*** Begin section ***
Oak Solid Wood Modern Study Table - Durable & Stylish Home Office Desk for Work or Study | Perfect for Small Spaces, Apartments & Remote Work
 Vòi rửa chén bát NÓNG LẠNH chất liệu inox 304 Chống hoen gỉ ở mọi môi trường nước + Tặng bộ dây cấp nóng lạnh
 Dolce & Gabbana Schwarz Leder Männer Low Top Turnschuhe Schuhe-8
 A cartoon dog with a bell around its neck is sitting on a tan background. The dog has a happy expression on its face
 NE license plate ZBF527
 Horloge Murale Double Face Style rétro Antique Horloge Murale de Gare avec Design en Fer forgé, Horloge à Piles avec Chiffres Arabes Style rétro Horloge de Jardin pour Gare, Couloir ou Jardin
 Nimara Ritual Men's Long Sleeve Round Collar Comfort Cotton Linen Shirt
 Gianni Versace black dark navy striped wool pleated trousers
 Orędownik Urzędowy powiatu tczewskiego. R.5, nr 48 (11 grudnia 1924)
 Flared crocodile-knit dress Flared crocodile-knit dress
*** End section ***
### TASK REQUIREMENTS
The response should consist only of the lines from the one containing "Nimara Ritual Men's" to the end of the material above, both included.

### EXPECTED OUTPUT
 Nimara Ritual Men's Long Sleeve Round Collar Comfort Cotton Linen Shirt
 Gianni Versace black dark navy striped wool pleated trousers
 Orędownik Urzędowy powiatu tczewskiego. R.5, nr 48 (11 grudnia 1924)
 Flared crocodile-knit dress Flared crocodile-knit dress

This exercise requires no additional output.